5. Being a food producer (a farmer or a gardener) does NOT mean that you are food secure. Many of the world’s smallest farmers, though they grow food, have a very poor income and don’t always produce enough food to feed themselves and their families.
6. We need to close the gender gap in farming. Many women around the world are farmers, but they produce 20-30% less food because they do not have the same access to resources as men. FAO Facts.
7. Round River Farm in Minnesota is one amazing sustainable farm. They are farming without any fossil fuels, using entirely renewable resources (wind energy, solar energy, collecting rainwater, composting) in one of the most difficult farming areas in Minnesota. It took them 5 years to enrich the soil with organic matters, but now they harvest bountiful produce.

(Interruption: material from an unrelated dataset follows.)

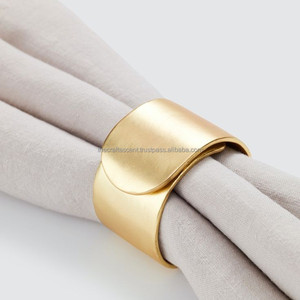 Anillo para Servilletas de Boda de Aluminio, Acabado Dorado de Lujo, Diseño Ecológico de Tres Hojas, Decoraciones Grabadas Personalizables - Product Image 6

8. Lowering the production of meat and dairy, Round River Farmers discovered that the region of Western Lake Superior would be able to produce enough food to feed the entire community. A Standard American Diet (SAD) would require over 500,000 acres of land and would only produce enough food for 83% of the region. Conversely, diet lower in meat and dairy would require about 375,000 acres of land and would feed 100% of the region! More on the research here: Sustainable Food System
9. Keya Chatterjee, author of “ The Zero Footprint Baby” shared her experiences working for NASA and what motivated her to adopt an eco-friendly, and sometimes “socially unacceptable” behaviors in response to the environmental crisis. When discussing the impacts of humans' carbon footprint, Keya asked, “ Is this the world I want my child to have!?” Furthermore she added, “Don’t pretend these problems occurs in a vacuum.” I couldn’t agree more with Keya’s message that it is our responsibility to take care of the Earth for future generations. We cannot pretend that these issues aren't happening and won't impact us... because they ARE. Keya on twitter: @keya_chatterjee
10. More inspiration from Keya.... It is in our best interest, the best interest of our children, grandchildren, and great grandchildren.... as well as, the best interest of the public good to adopt a plant-based, eco-friendly lifestyle.